With the 2003 Maryland General Assembly now adjourned, political commentators are making their observations of the session highlighted by the state’s budget crisis, the push for video slot machine gambling, and the advances and setbacks of the new Ehrlich administration. Yet very little — if any — attention will be given to the latest developments in one of Annapolis’s most consequential, long-running and disheartening political games: the ever-tightening restriction on consumer choices in order to increase profit margins for politically favored businesses.

The game works like this: A politically favored business group becomes worried that an innovative new competitor might open shop and offer consumers lower prices, better selection, higher quality or greater convenience. Instead of lowering prices or reinventing themselves to meet this challenge and better serve consumers, the old-guard businesses instead use their political connections to gain passage of new laws and regulations that make it harder for the innovative newcomers to open shop, or ban the newcomers altogether. The old-line businesses are protected, and they can increase their prices and profit margins because they know they are safe from competition.

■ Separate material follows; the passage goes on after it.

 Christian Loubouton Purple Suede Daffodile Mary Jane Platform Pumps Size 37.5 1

In economic jargon, this game is known as “rent seeking.” Because of government’s restraints on competition, the politically favored businesses earn extra profits — “rents” — that they would not have earned in a fair, open marketplace where consumers have broader freedom of choice.

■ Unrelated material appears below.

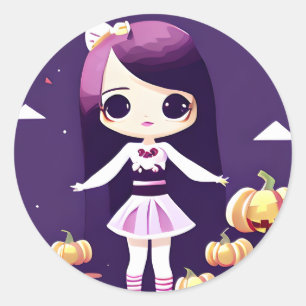 Pegatina Redonda Chica kawaii con calabazas Halloween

Rent seeking is a long-running, successful game in Annapolis. From 18th century banking regulations to restrictions on who can take the bar exam, to rules governing new car dealerships, to laws on telecommunications and energy companies, Maryland politicians have handed out monopolies and established business cartels with well-protected profit margins. Just recently, state lawmakers prohibited the retail sale of gasoline at below-wholesale prices after service station chains complained that convenience store “promotional special” gas prices were cutting into the service stations’ profit margins. Thanks to friends in the legislature, service stations’ bank accounts are larger and consumers’ wallets are lighter.

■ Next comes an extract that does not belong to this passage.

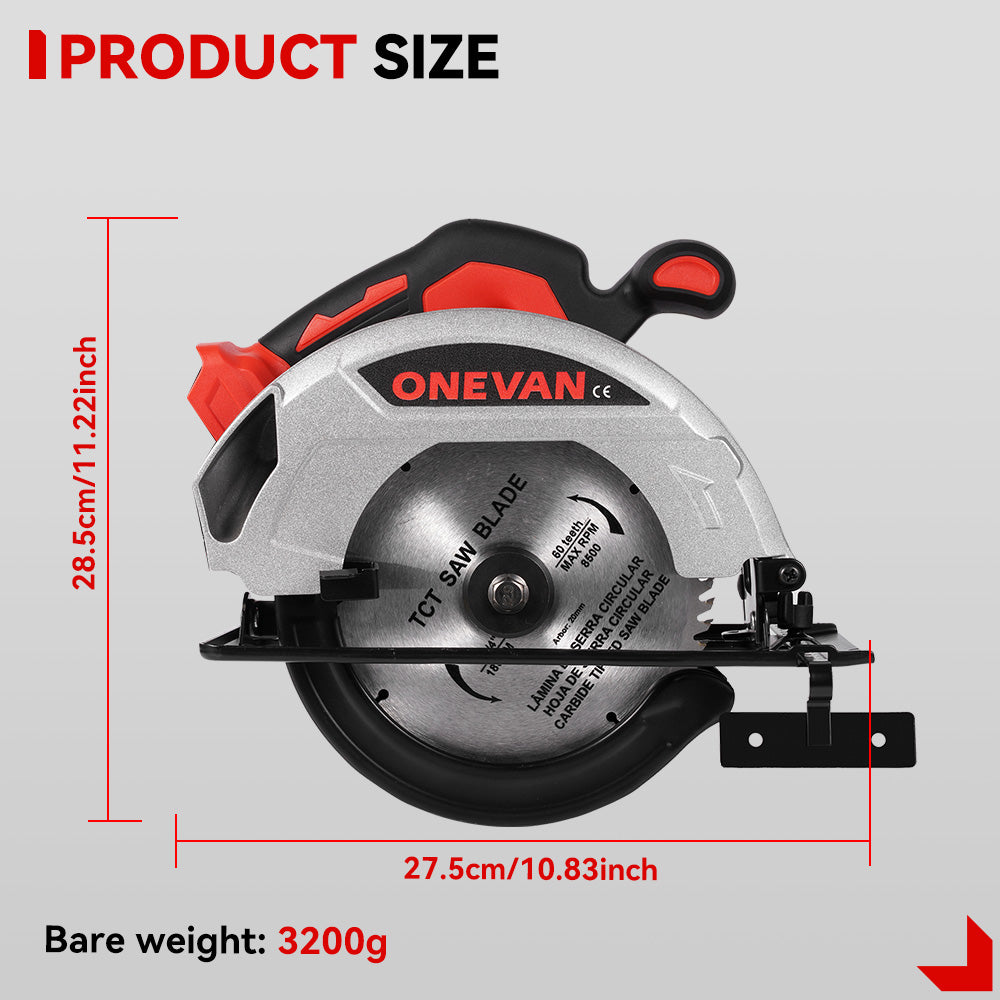 ONEVAN 180mm 7 Inch Brushless Cordless Circular Saw | For Makita 18V Battery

In 2003, liquor shop owners became the newest business group to become big-time players in the rent-seeking game. Worried that beverage store chains like Virginia’s Total Beverage or retail grocery and convenience chains like Safeway or 7‑eleven would step up their efforts to sell beer and wine in Maryland at lower prices and with greater convenience for consumers, liquor shop owners in Charles, St. Mary’s and Washington counties successfully gained passage of laws prohibiting any chain that sells alcoholic beverages in other states from receiving an alcoholic beverage license for those counties. (Lawmakers previously passed similar legislation for Baltimore City and Baltimore and Anne Arundel counties.) It should come as no surprise that, in the most recent election cycle, alcoholic beverage retailers in Charles, St. Mary’s and Washington counties gave almost $4,000 in campaign contributions to the sponsors of those bills.

Annapolis politicians and shop owners defend the restrictions on consumer freedom by claiming that beverage chains would drive the local stores out of business and then would jack up prices. That defense is without merit; if a chain attempted to do so, it would be too easy for another competitor to take away the chain’s business with lower prices. The real reason that liquor store owners want the law is because they fear consumers will prefer the lower prices and greater selection of a beverage chain or the tremendous convenience of buying beer and wine at a grocery or convenience store.

Purposely restricting the free market to force consumers to pay more and boost politically favored businesses’ profit margins is bad enough. Maryland lawmakers’ decision to do this at a time when they are also raising taxes and cutting further into residents’ income is galling.